Provided data Block Start

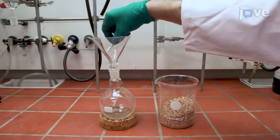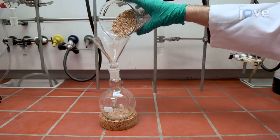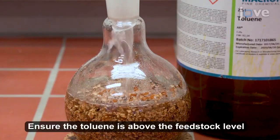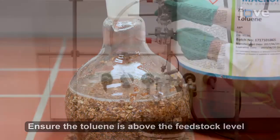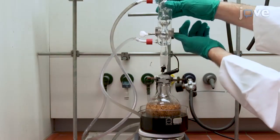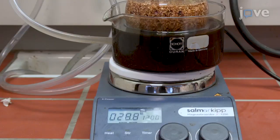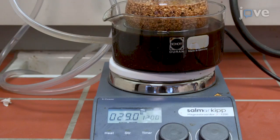To remove extractives from the ground walnut shells, add 150g of the shell sample into a 500ml round bottom flask containing a stir bar and add 200ml of toluene to the flask. Attach a reflux condenser to the flask and heat the mixture to a reflux temperature of 111 degrees Celsius in an oil bath with vigorous stirring.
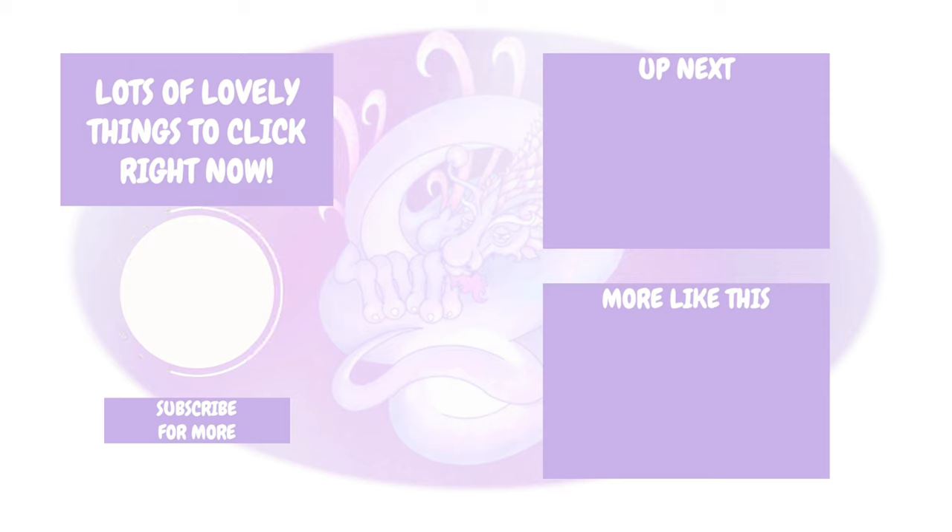Let me know what you guys think down below. Thank you as always for watching - there's some more on screen now that I think you're going to enjoy, and I'll see you lovely lot soon. Bye!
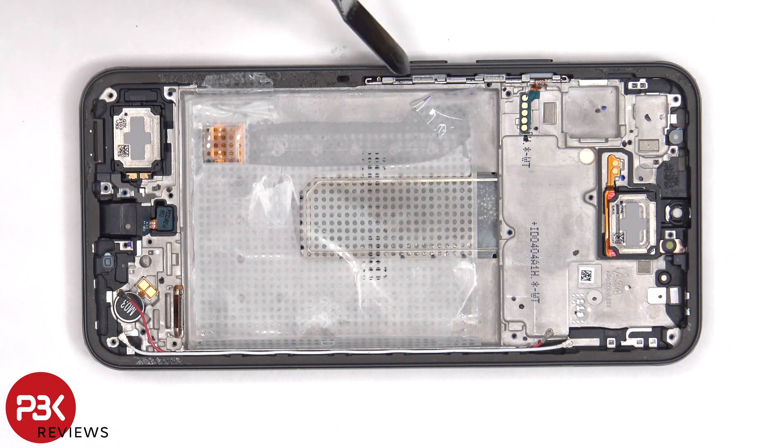The flex cable for the volume keys and power button is located here and is held down with some adhesive. So if you need to replace that, you have to gently pry it off, and then lift up and pull out this metal bracket from inside the frame, which would release and remove the flex cable.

Provided data Block End

**Work instructions:**
Starting at the line that contains "Let me know", retype each line through the final one in the listing, with both ends kept and the pictures omitted.

**Response area:**
Let me know what you guys think down below. Thank you as always for watching - there's some more on screen now that I think you're going to enjoy, and I'll see you lovely lot soon. Bye!
The flex cable for the volume keys and power button is located here and is held down with some adhesive. So if you need to replace that, you have to gently pry it off, and then lift up and pull out this metal bracket from inside the frame, which would release and remove the flex cable.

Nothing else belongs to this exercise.